══ THE DATA ══

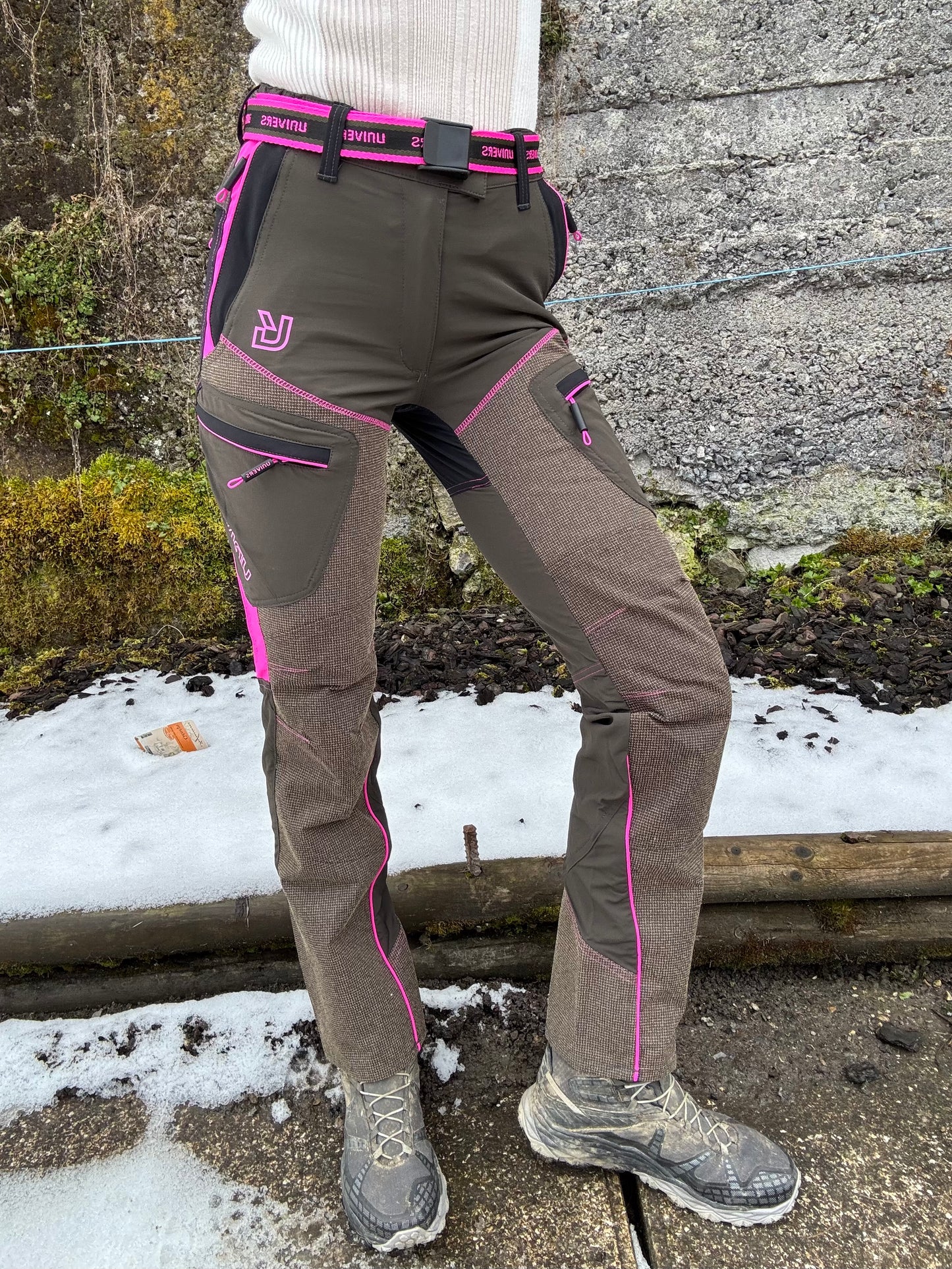 Pantalon VANOISE PLUS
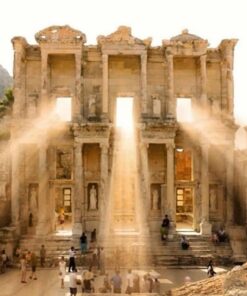 Ephesus Tour By Plane Istanbul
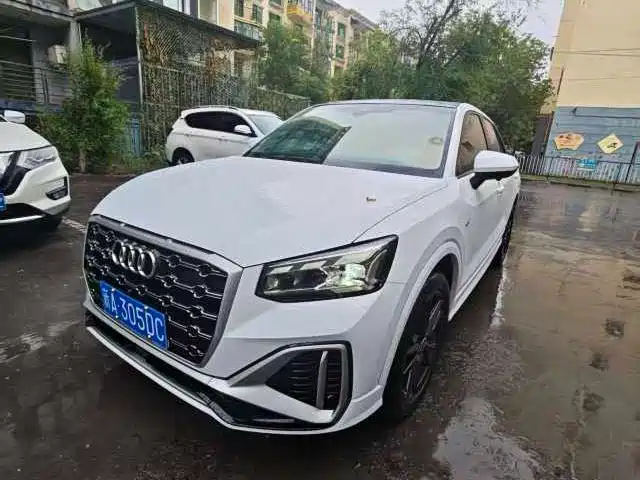 Audi Q2L 2022
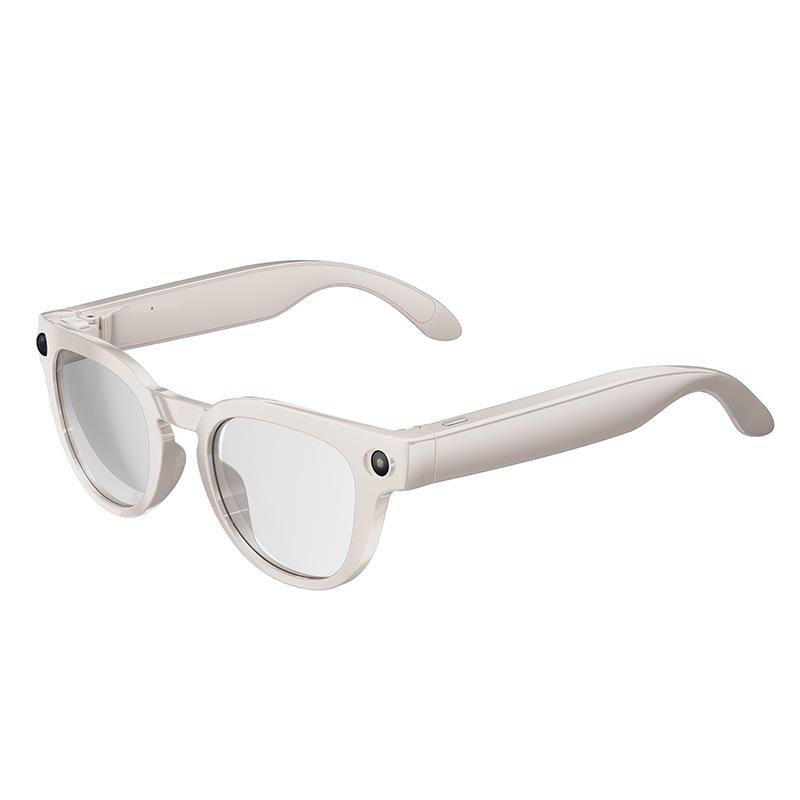 MT3 Smart Glasses: 800W Photo/Video Recording, Real-time Translation, Smart Recognition, AI-Powered Meeting Minutes.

═══

Beginning with the line that contains "Audi Q2L 2022", output each line of the material above through the last one exactly as it stands. Do not include the pictures.

 Audi Q2L 2022
 MT3 Smart Glasses: 800W Photo/Video Recording, Real-time Translation, Smart Recognition, AI-Powered Meeting Minutes.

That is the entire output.